Sedberry to sign latest artwork at Gary’s Barbecue
By Susan Shinn
CHINA GROVE ó You can order your barbecue at Gary’s on a sandwich, on a tray, or on a plate.
On June 12, you can have some artwork on the side.
For the first time, Gary Ritchie, owner of Gary’s Barbecue, will host a signing party for Betty Sedberry.
The event will take place from 5:30 to 9 p.m.
Betty, a well-known Spencer artist, has painted a watercolor of the popular China Grove restaurant. Only 1,000 of the limited-edition prints will be available.

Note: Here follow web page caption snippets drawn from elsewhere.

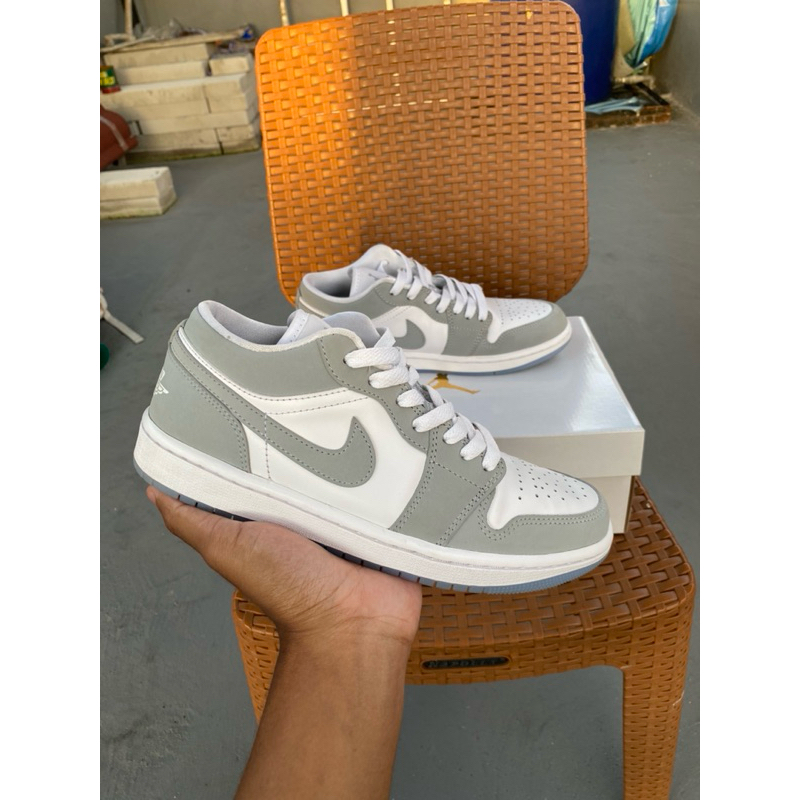 jordan 1 low wolf grey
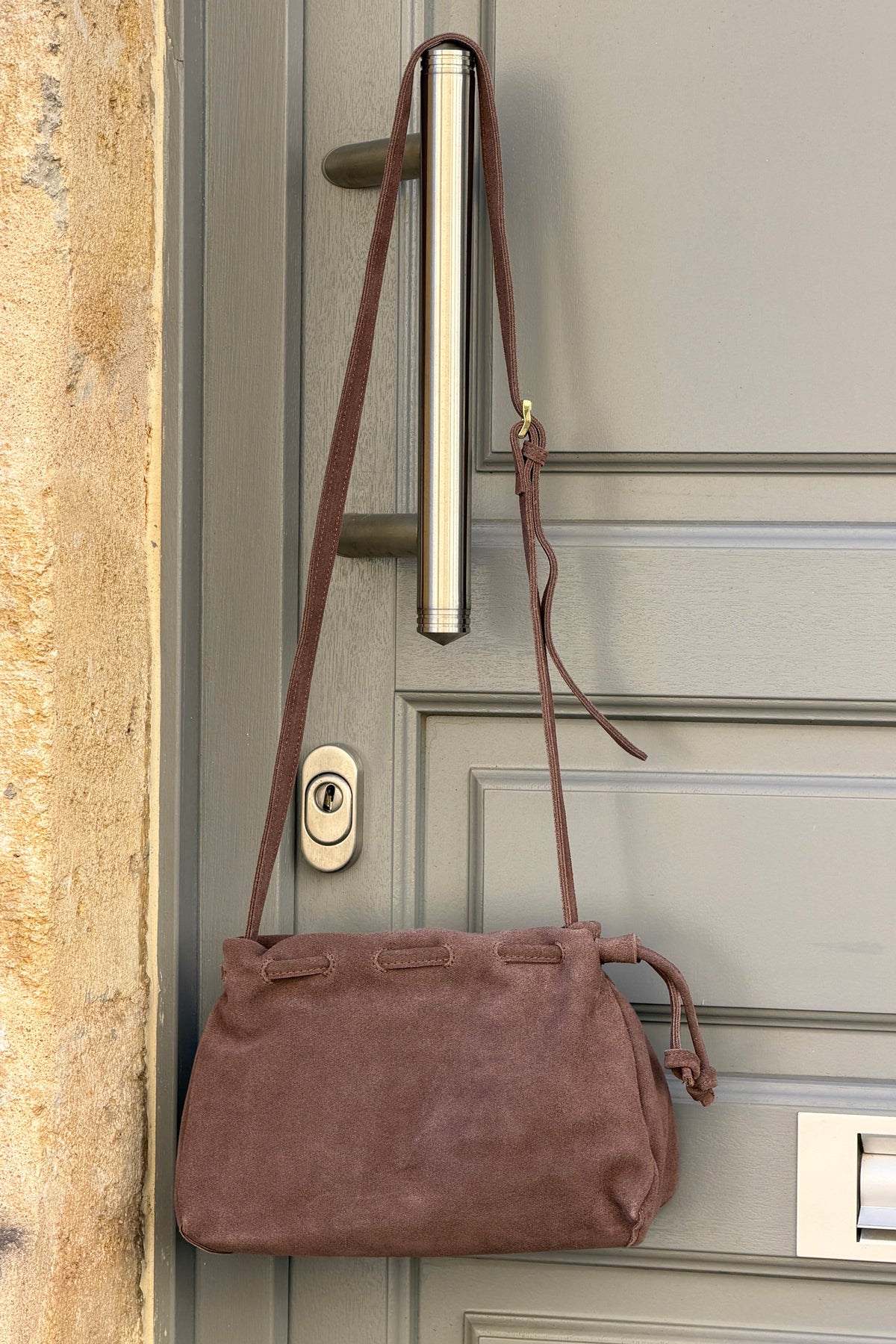 Sac a main en cuir velours souple taupe resserable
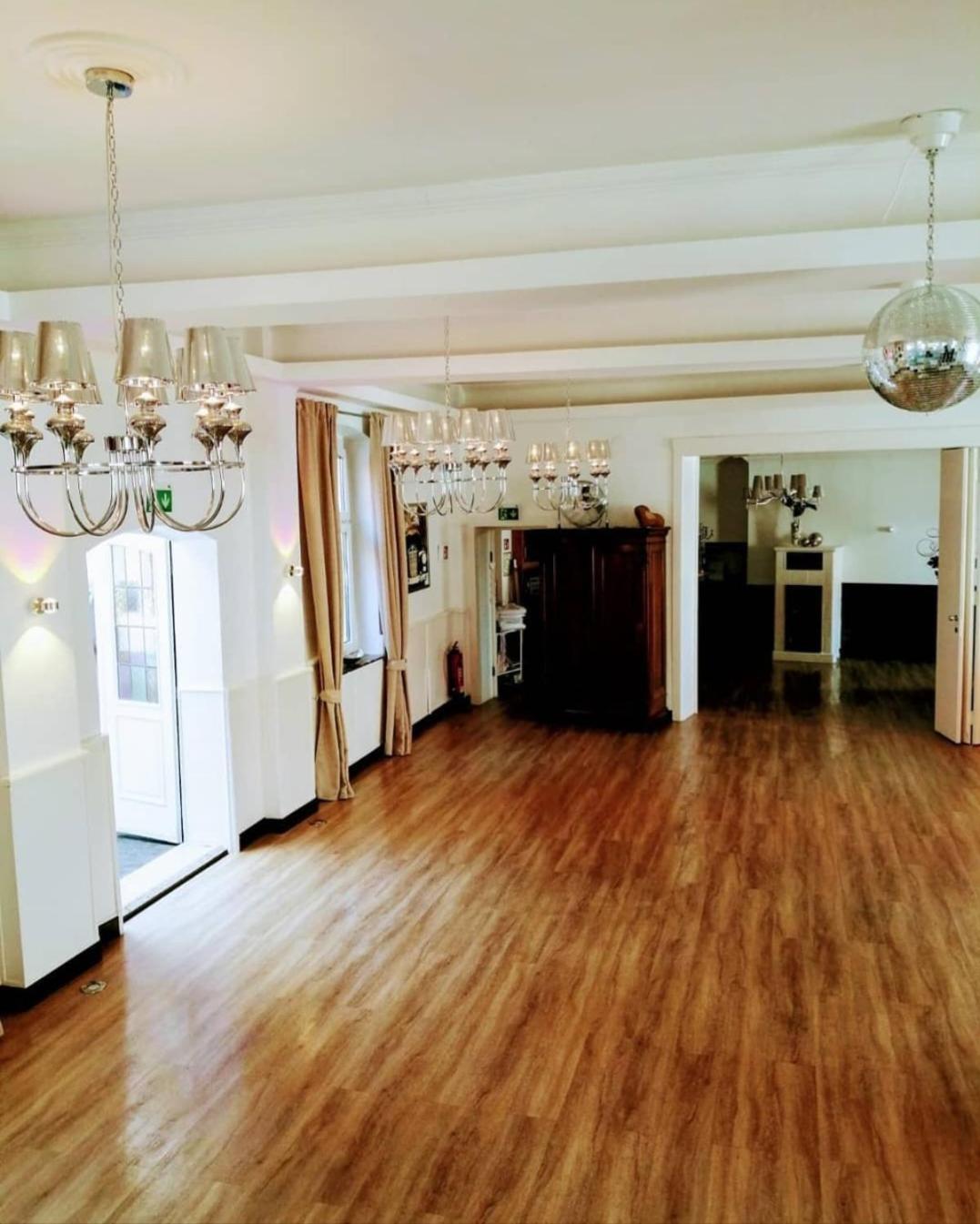 Zur Sonne "Gasthaus-Bar-Events" Poppenhausen Kültér fotó
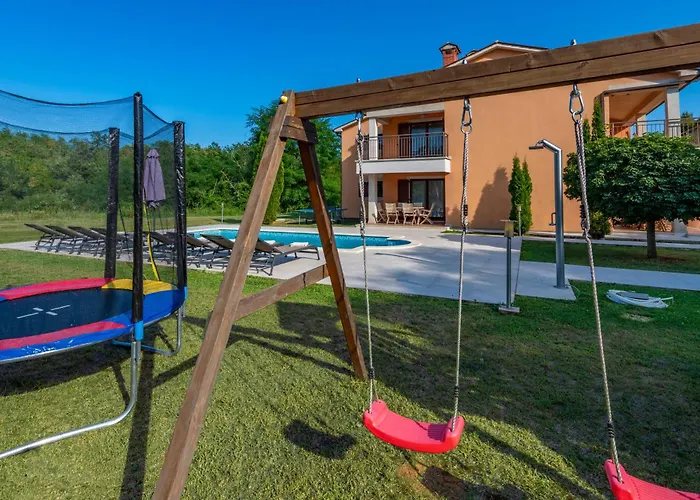 Hébergement de vacances Letish, A Charming And Inviting Mediterranean *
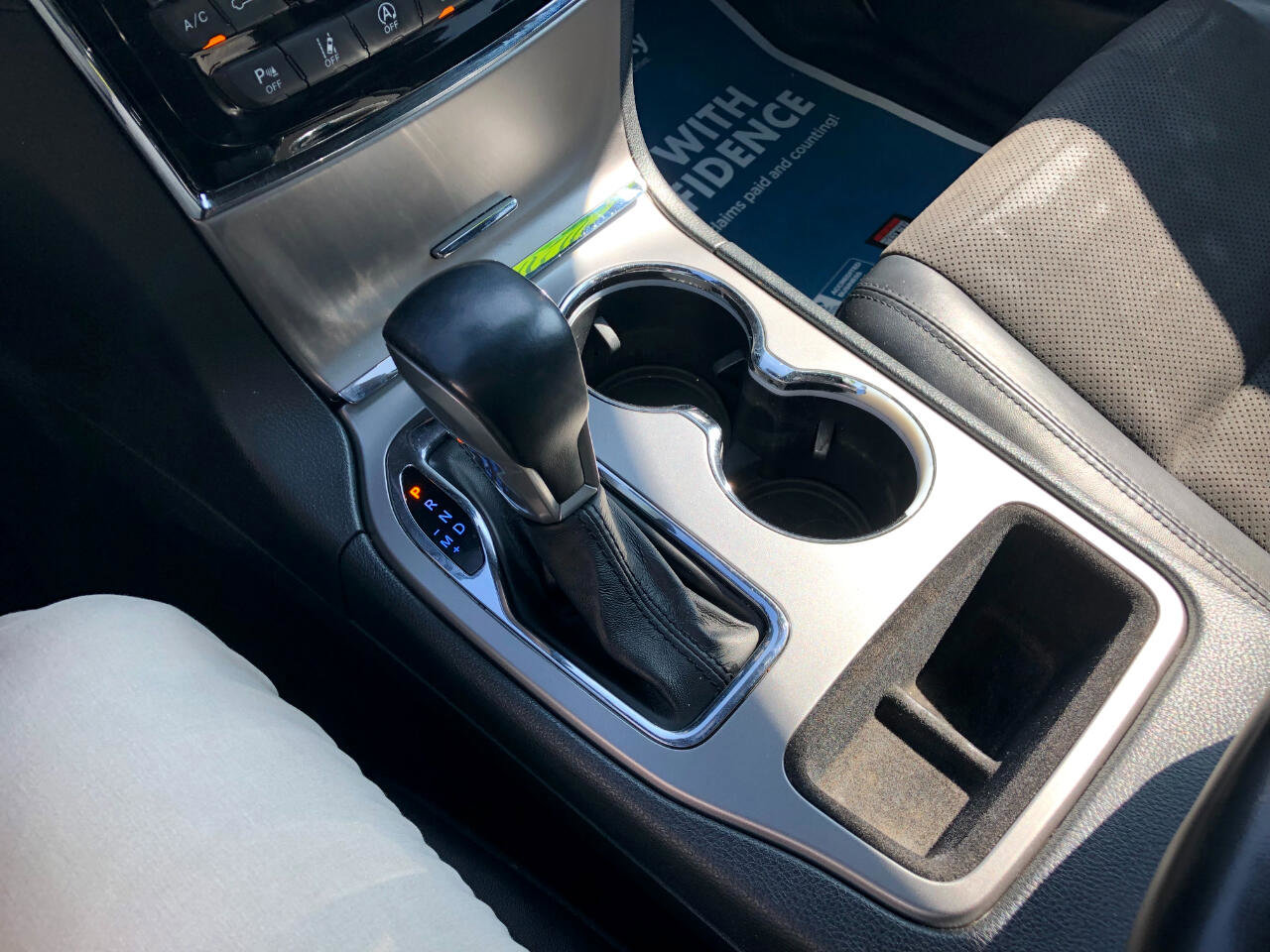 Used 2020 Jeep Grand Cherokee Altitude image 22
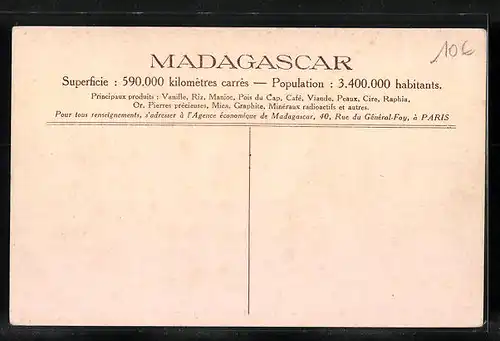 AK Madagascar, Région Tanala, Pileuse de Riz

Gary opened his barbecue joint on April 21, 1971, when he was 22 years old.
Betty has made the painting an ode to the era, with ’70s vehicles parked outside.
That’s sure to please Ritchie, an old car afficionado.
There’s a ’57 Chevy convertible, a ’69 Chevelle Super Sport, a Black ’65 Pontiac GTO, a ’68 Corvette, a ’66 Mustang Sprint and an old Ford pickup.
There’s even a 1968 Plymouth Fury, which was driven by the Highway Patrol.
If you’ve ever spent any time at Gary’s, you know the men in silver and black take quite a few meals there.
There’s a trooper standing by the vehicle, talking on his radio. The vehicle was based on one driven by the late Joe Bracey.
(I like to think that’s Joe himself standing there.)
Cars were what brought the artist and the restaurateur together.
A couple of years ago, Betty was doing a watercolor of Zesto’s. She wanted to put a classic Thunderbird in the scene, but couldn’t get the angle quite right.
She knew Gary displayed T-birds at his restaurant, so she headed down to China Grove to check em out.
While she was there, Gary mentioned he’d like to have a watercolor of his restaurant sometime.
After a year of work, Betty has finished the piece.
“It takes a long time and a lot of details,” Betty says. “There’s a lot of research before you do the painting.”
By accident, Betty has completed a third in her series of vintage restaurants.
The legendary Al’s Nighthawk was the first.
The past couple of years have been busy for Betty. She sold her building in 2006 and her framing business, which is now The Art Station.
She works out of her home studio.
“I really miss the people, but I get out a lot, to restaurants around town, and I’ll see them,” she says. “The kind of business I was in, you didn’t have customers ó you had friends who happened to do business with you. That’s the part I really enjoy.”
Betty has worked with Diversified Graphics for years to make her prints. Together, they’ve completed more than 100 prints.
Owner Frank Goodnight has witnessed Betty’s growth as an artist, he says. “She’s just a wonderful artist and a lot of fun to work with.”
Betty just recently completed the proofing process for the prints.
“It’s been a lot of fun,” Betty says. “I’ve gotten to know Gary. He is a fine person, and so patient. He made some suggestions I hadn’t thought about.”
Gary and Betty signed the original, and they’ll be available to sign the prints during the party next week. Prints are $45 each.
The original will be displayed at Gary’s Barbecue.
Betty’s artwork is available at The Emporium, The Art Station, Fine Frame Gallery, The Framing Gallery.
Gary, who just turned 60, is pleased to have his restaurant commemorated in artwork.
“Gary’s Barbecue won’t be here forever,” he says.
Over the years, he says, he’s been blessed with good employees and good customers.
“There’s been so many generations come through here,” he says. “That’s what makes it special for me. It’s turned into a gathering spot for the community.”
Cari Price is a member of the families who are carrying on the tradition of eating at Gary’s. Cari works for Diversified Graphics.
She first came to the restaurant when she was 3 days old, with her parents, Nancy and Ben Adams.
Cari in turn brought son Cole when he was 4 days old. The tyke is now 18 months old.
“We like the family atmosphere and we know everybody there,” Cari says.